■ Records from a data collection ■
※ ※ ※

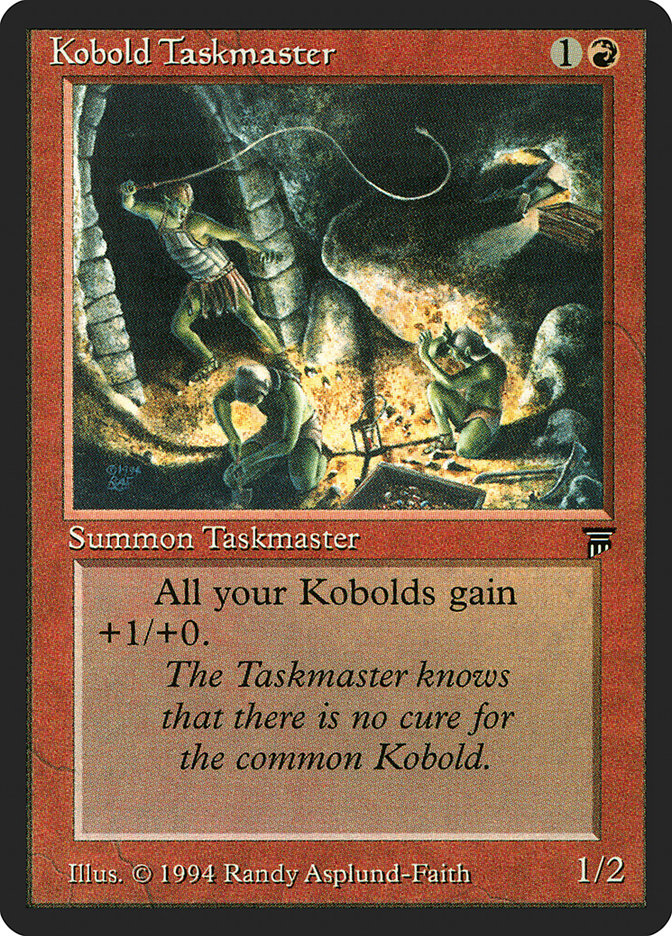 Kobold Taskmaster [Legends] | Pegasus Games WI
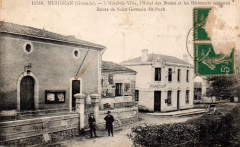 Nérigean - Mairie, écoles et Poste
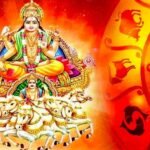पूर्वाषाढ़ा नक्षत्र में प्रवेश करते शुक्र देव और राशियों पर ज्योतिषीय प्रभाव का प्रतीकात्मक चित्र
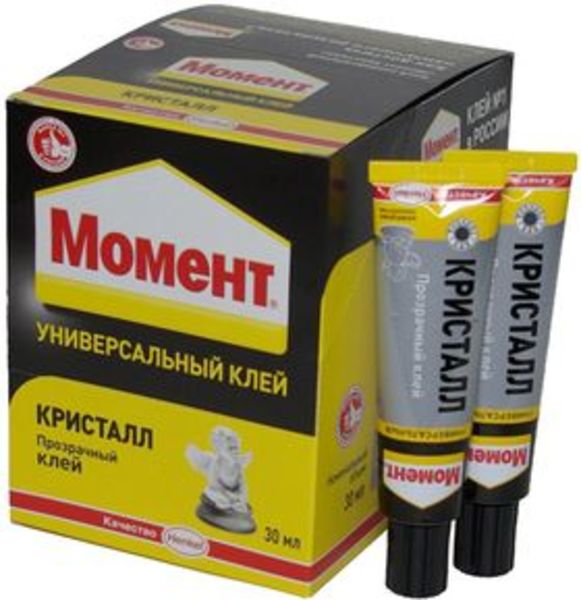 Момент Кристалл 30мл (10) Клей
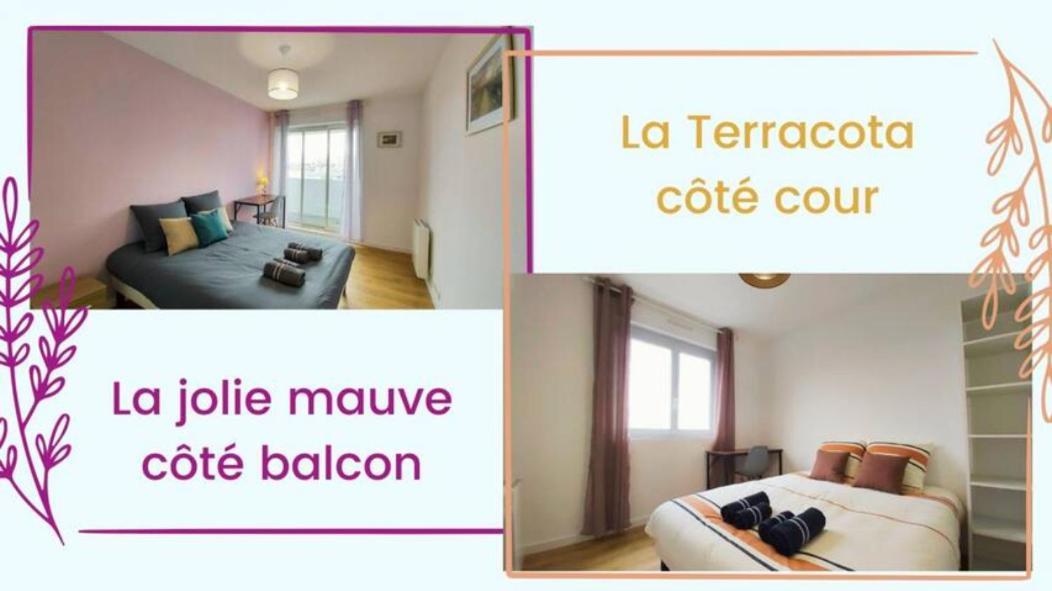 Groix Apartment โลริอ็อง ภายนอก รูปภาพ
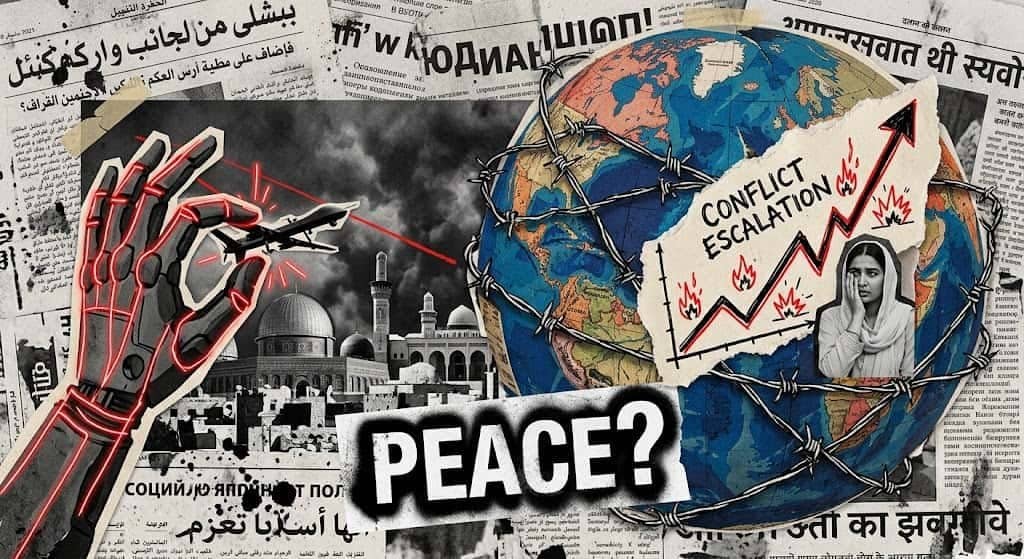 Latest (2026) Global Peace Index says Geopolitical Risks Now Exceed those of the Cold War Years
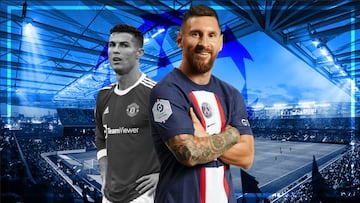 Los títulos de Cristiano en Champions que Messi podría superar tras su ausencia.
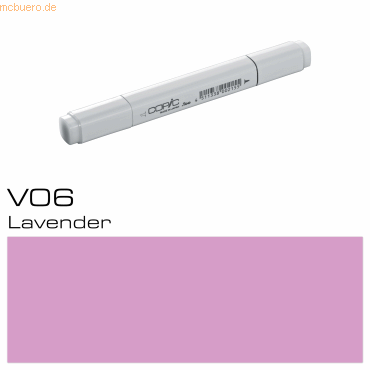 3 x Copic Marker Copic V06 Lavender von Copic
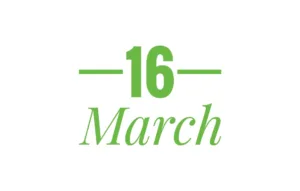 March 16th International Holidays - List of National Events on 16 March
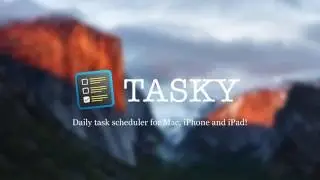 Tasky | Daily Task Scheduler for Mac, iPhone & iPad | InspiringLife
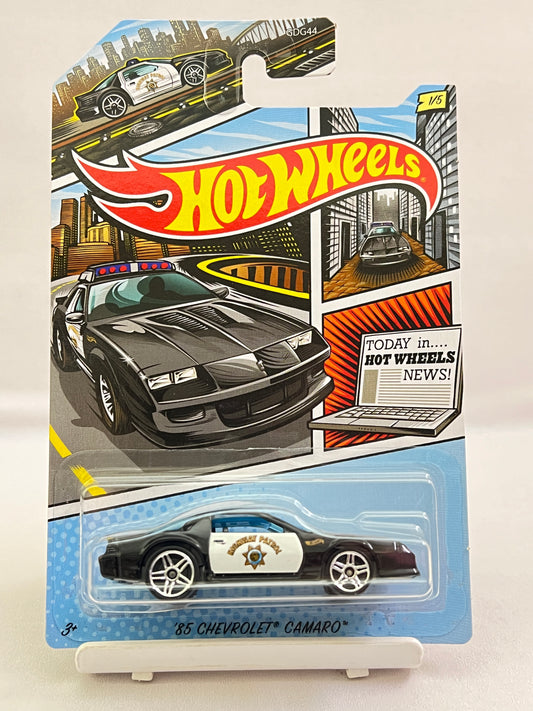 HOT WHEELS - 85 CHEVROLET CAMARO - 6C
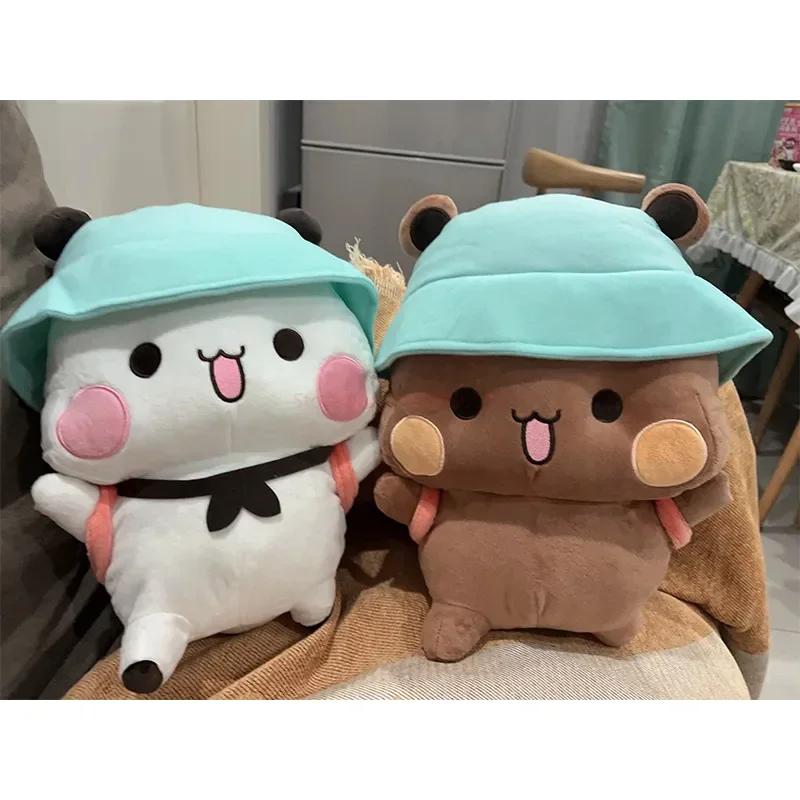 New Bubu And Dudu Panda Plush Cute Cartoon Panda Bear Kawaii Doll Stuffed Soft Pillow Toy Children'S Day Gifts For Kids Anime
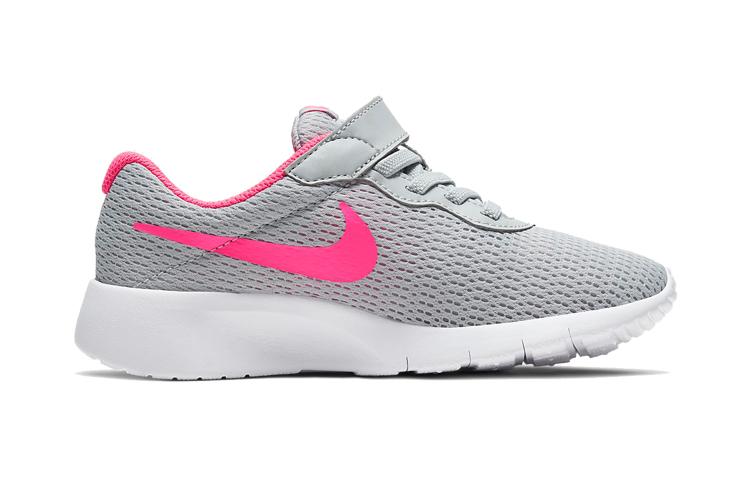 Nike Comfortable Low top Kids Lifestyle Shoes Mist Gray Children Aged 3 7 Years Old 844868-029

※ ※ ※

■ DIRECTIONS FOR THIS TASK ■
For this exercise, set down the lines in the entries above from the one with "Latest (2026) Global" through the one with "March 16th International" exactly as written, without any pictures.

■ TASK SOLUTION ■
 Latest (2026) Global Peace Index says Geopolitical Risks Now Exceed those of the Cold War Years
 Los títulos de Cristiano en Champions que Messi podría superar tras su ausencia.
 3 x Copic Marker Copic V06 Lavender von Copic
 March 16th International Holidays - List of National Events on 16 March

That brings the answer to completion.